▶ _Exercise brief_
Could the lines from the one containing "Molecules 27 02483 g018" through the end of the material below be returned exactly, with nothing else?

↓↓↓

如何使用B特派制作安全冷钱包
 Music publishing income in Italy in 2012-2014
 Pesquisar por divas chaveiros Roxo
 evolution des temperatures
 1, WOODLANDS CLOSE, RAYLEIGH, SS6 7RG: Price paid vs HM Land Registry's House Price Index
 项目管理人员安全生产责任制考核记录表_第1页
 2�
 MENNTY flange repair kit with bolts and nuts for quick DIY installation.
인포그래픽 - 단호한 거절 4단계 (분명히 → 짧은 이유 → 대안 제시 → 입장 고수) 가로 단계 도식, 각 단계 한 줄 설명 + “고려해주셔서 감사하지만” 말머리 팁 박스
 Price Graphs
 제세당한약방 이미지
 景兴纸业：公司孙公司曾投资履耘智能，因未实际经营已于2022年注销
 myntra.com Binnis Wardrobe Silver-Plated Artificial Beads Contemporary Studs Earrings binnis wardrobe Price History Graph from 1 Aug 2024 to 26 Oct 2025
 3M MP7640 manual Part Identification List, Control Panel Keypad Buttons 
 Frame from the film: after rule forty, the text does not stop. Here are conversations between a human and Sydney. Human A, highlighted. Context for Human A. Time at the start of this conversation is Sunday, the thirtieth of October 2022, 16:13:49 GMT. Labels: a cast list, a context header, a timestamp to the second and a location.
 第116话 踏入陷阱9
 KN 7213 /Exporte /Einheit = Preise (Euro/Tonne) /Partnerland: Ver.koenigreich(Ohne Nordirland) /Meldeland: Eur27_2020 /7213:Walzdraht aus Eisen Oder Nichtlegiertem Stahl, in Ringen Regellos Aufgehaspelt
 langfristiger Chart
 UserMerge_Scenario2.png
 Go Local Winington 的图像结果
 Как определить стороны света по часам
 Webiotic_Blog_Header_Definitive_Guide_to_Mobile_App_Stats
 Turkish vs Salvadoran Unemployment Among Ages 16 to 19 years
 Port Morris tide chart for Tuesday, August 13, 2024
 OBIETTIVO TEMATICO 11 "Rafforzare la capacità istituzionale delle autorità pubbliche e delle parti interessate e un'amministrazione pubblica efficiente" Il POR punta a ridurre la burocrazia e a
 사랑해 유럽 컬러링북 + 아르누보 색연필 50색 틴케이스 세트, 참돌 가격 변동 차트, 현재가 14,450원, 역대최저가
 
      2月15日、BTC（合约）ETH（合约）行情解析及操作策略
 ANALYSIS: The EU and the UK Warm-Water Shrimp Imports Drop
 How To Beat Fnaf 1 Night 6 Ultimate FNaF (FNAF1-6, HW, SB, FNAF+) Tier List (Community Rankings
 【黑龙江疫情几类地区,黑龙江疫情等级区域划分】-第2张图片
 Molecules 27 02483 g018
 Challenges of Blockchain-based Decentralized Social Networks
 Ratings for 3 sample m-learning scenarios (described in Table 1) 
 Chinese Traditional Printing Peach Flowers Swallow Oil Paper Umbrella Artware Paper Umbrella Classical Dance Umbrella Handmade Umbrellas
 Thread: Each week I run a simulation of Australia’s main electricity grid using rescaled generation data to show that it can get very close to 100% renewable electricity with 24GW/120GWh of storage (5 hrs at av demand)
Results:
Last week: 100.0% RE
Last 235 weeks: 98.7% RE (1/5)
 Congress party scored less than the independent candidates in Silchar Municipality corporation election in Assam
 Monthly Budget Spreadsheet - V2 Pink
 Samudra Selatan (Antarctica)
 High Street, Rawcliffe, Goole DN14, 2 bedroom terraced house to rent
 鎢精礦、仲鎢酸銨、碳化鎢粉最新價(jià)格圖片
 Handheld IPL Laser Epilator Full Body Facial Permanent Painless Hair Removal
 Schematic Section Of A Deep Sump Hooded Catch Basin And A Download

↑↑↑

▶ _Reply to the exercise_
 Molecules 27 02483 g018
 Challenges of Blockchain-based Decentralized Social Networks
 Ratings for 3 sample m-learning scenarios (described in Table 1) 
 Chinese Traditional Printing Peach Flowers Swallow Oil Paper Umbrella Artware Paper Umbrella Classical Dance Umbrella Handmade Umbrellas
 Thread: Each week I run a simulation of Australia’s main electricity grid using rescaled generation data to show that it can get very close to 100% renewable electricity with 24GW/120GWh of storage (5 hrs at av demand)
Results:
Last week: 100.0% RE
Last 235 weeks: 98.7% RE (1/5)
 Congress party scored less than the independent candidates in Silchar Municipality corporation election in Assam
 Monthly Budget Spreadsheet - V2 Pink
 Samudra Selatan (Antarctica)
 High Street, Rawcliffe, Goole DN14, 2 bedroom terraced house to rent
 鎢精礦、仲鎢酸銨、碳化鎢粉最新價(jià)格圖片
 Handheld IPL Laser Epilator Full Body Facial Permanent Painless Hair Removal
 Schematic Section Of A Deep Sump Hooded Catch Basin And A Download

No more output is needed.